The sister city relationship between Hot Springs and Hanamaki officially began with an official signing ceremony of the sister city agreement on January 15, 1993. In order celebrate that date, an open house will be held on Monday, January 15 at the new Sister City Office, 108 Pleasant Street. Members of the community are invited to drop by the office between 2 p.m. and 6 p.m. to see one of the most recent gifts from Hanamaki, an exhibit of works by Japanese artist Kunio Izuka. The exhibit celebrates the writings of Kenji Miyazawa, and an identical exhibit can be seen in Hanamaki. The exhibit is sponsored by members of the Hot Springs National Park Sister City Foundation Board of Directors.

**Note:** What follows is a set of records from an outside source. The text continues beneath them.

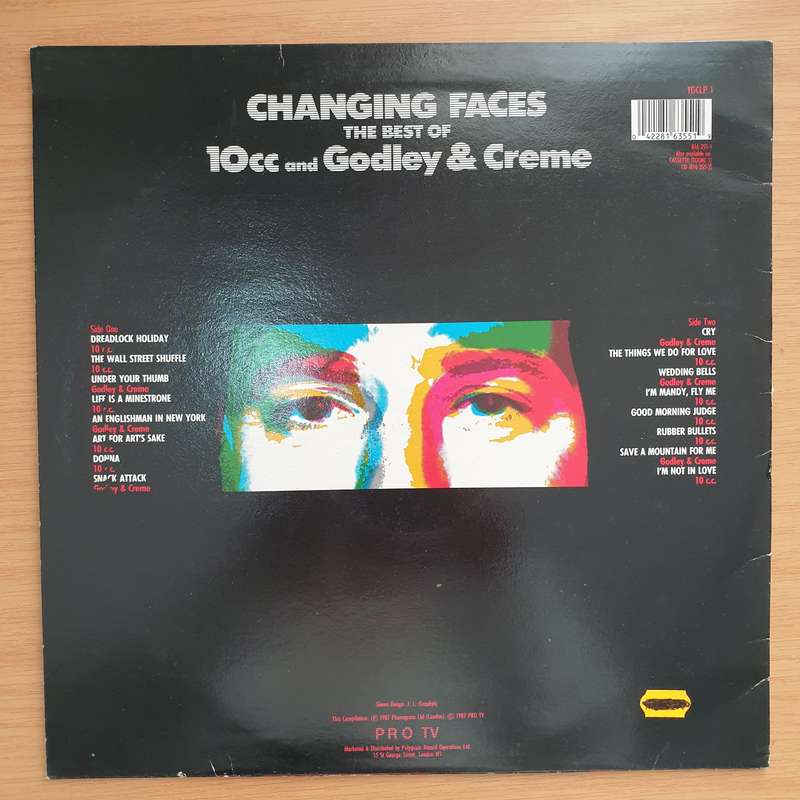 Changing Faces - 10cc And Godley & Creme  (The Best Of 10cc And Godley & Creme) - Vinyl LP Rec...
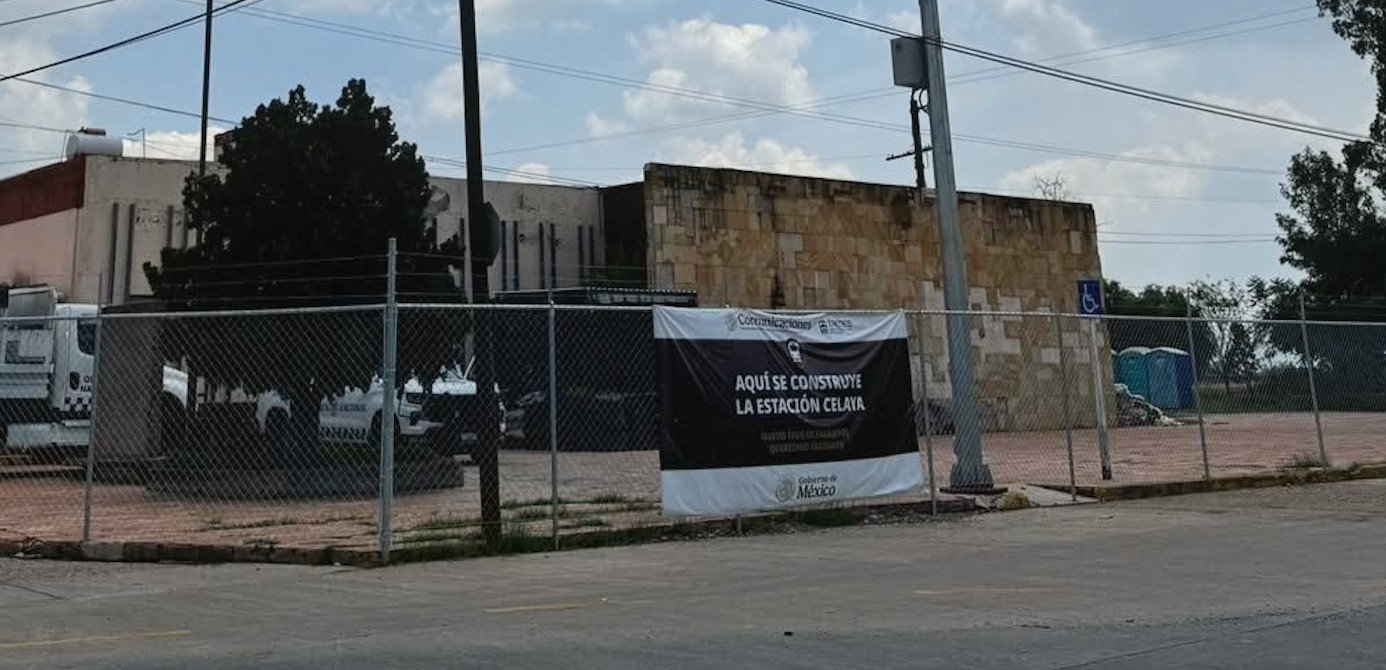Nueva estación del tren obligará a reubicar y retirar árboles por obra en Celaya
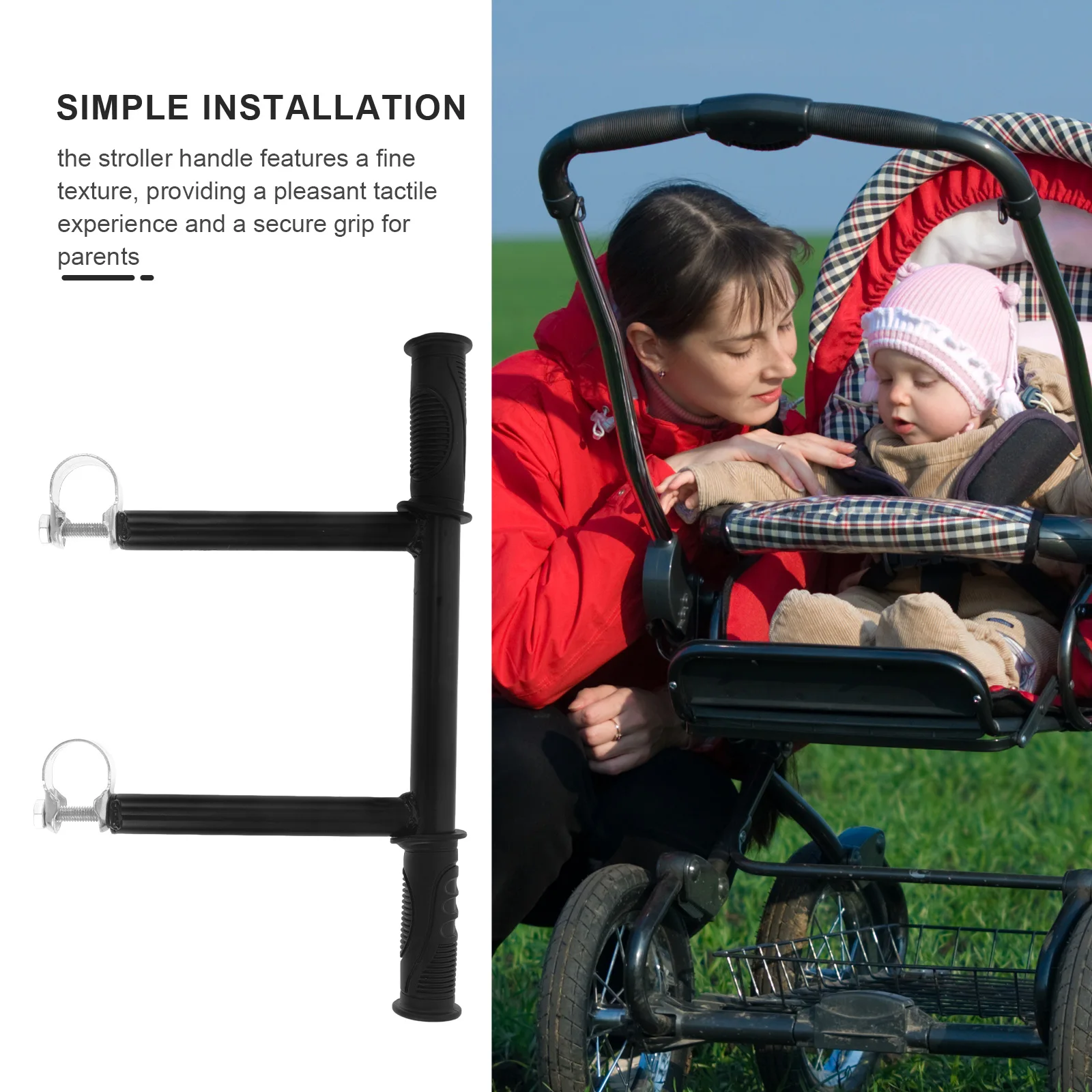 Универсальный удлинитель ручки коляски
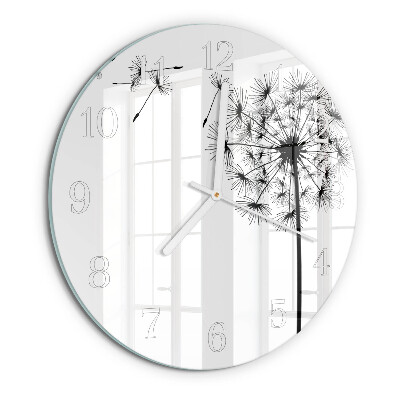 Reloj de pared redondo Diente de león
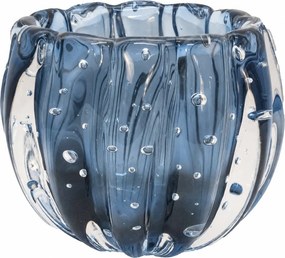 Cachepot Murano Liceu P - Nightly Blue Nightly Blue
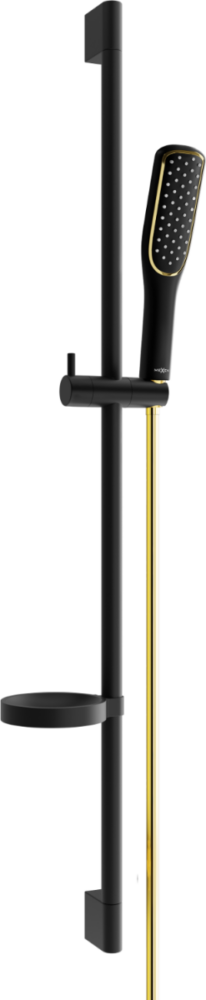Posuvný sprchový set MEXEN DS49 černý/zlatý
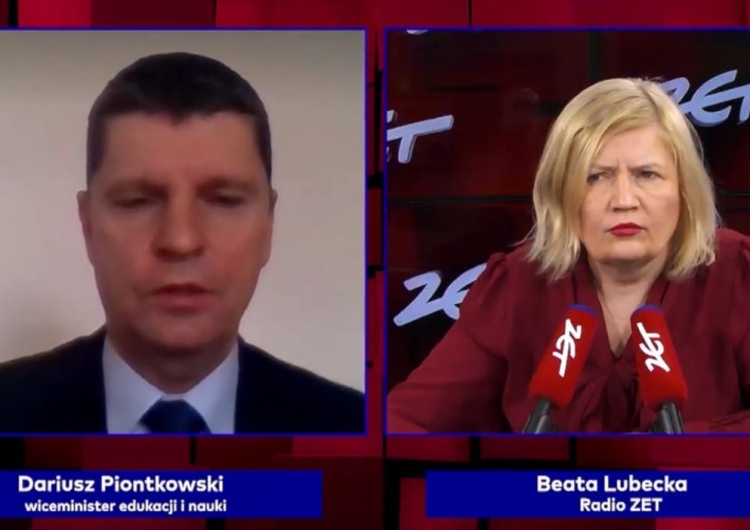 Dariusz Piontkowski, Beata Lubecka [video] Min. Piontkowski zaskakuje podając możliwy termin powrotu uczniów do szkół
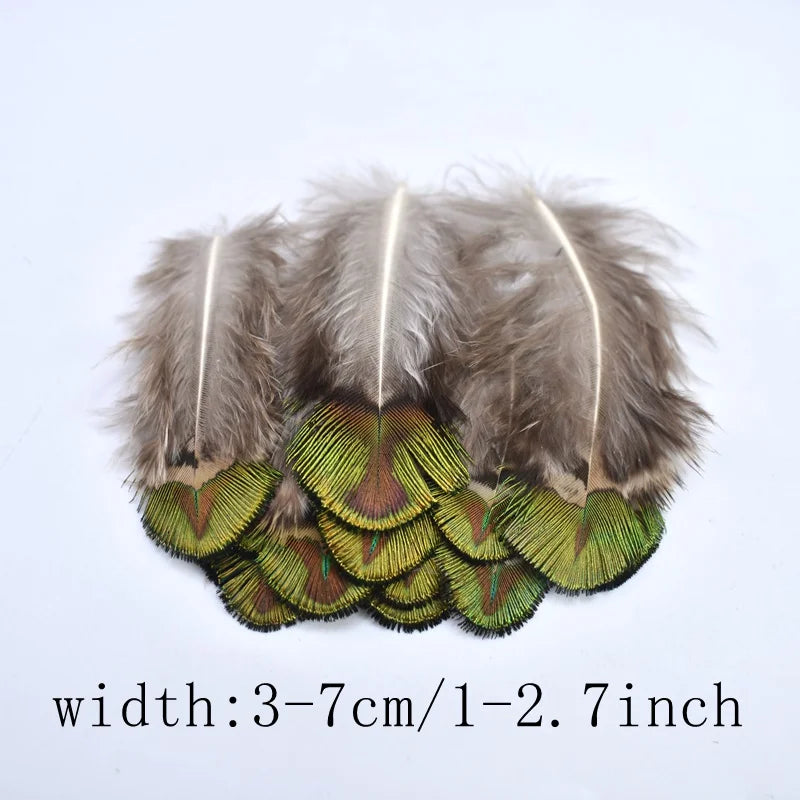 wholesale Natural ostrich Pheasant feathers for crafts DIY peacock feathers for jewelry making Home party decoration plumas
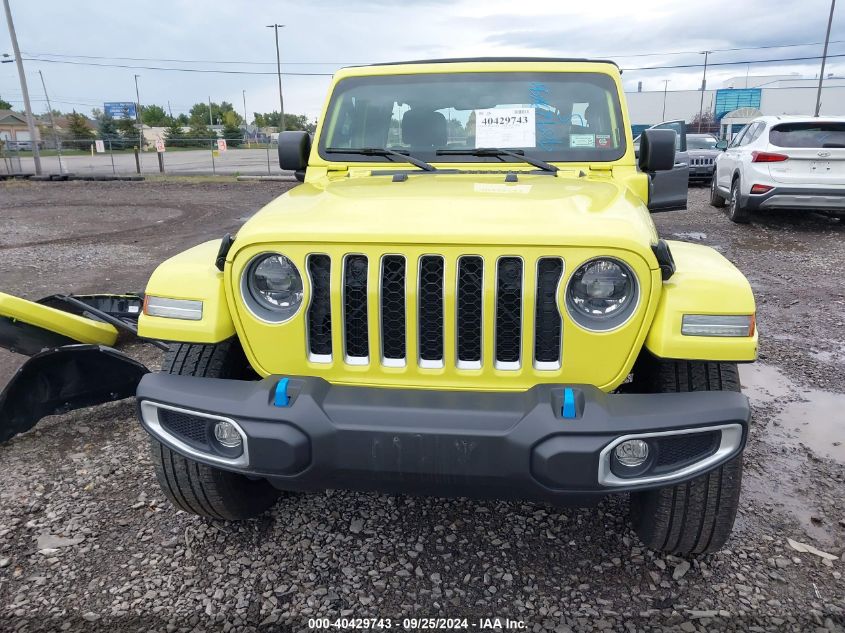 2023 Jeep Wrangler 4Xe Sahara 4X4 VIN: 1C4JJXP66PW554283 Lot: 40429743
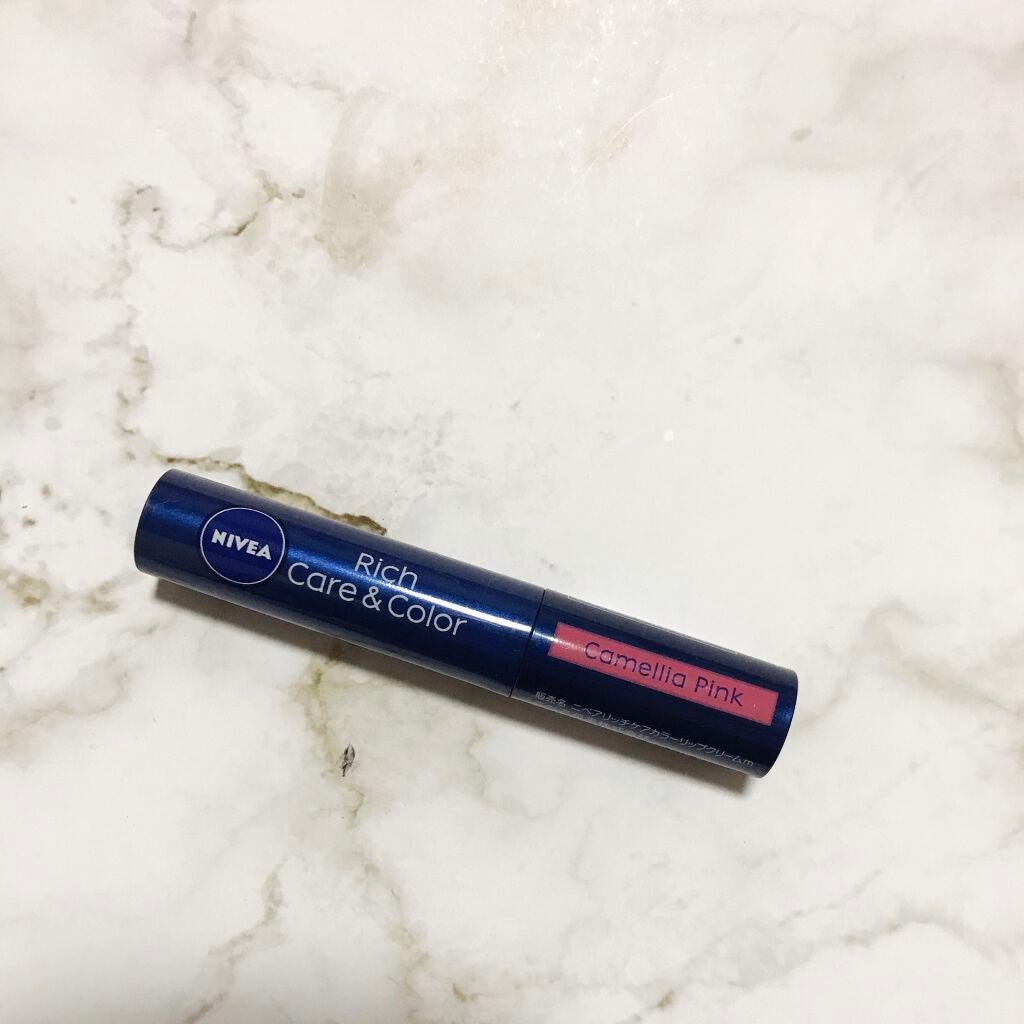 ニベア リッチケア&カラーリップ/ニベア/リップクリームを使ったクチコミ(1枚目)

The open house will also offer visitors an opportunity to find out more information about 25th anniversary plans. Visitors are welcome to share their ideas of how best to celebrate 25 years of friendship between the two cities. Those with photos that they would like to share can bring them to the open house. The photos can be scanned and added to the sister city photo collection, where they can be used in a slideshow to commemorating 25 years of friendship. The photo on the left is Mayor Melinda Baran signing the sister city agreement on behalf of the City of Hot Springs.
Kunio Izuka was born in Tokyo, Japan in 1936. He studied at the Otis Art Institute in Los Angeles and moved to New York in 1964, where he taught sculpture and established the Japanese Artists Association of New York. As president of that organization, he continues to encourage the next generation. In 1998, he was awarded the Konjohosho award by the Japanese government for his cultural contributions.
Izuka has been creating anti-nuclear paintings in his Brooklyn studio for 30 years. Conversely, the source of this rage comes from his strong yearning for peace and a time of calm. Izuka calls for humanitarianism through his depiction of icons portraying the purity in female figures, nudes embodying maternal love, and birds symbolizing hope. As a painter, he created his distinct two-dimensional expression and made prints using a variety of techniques.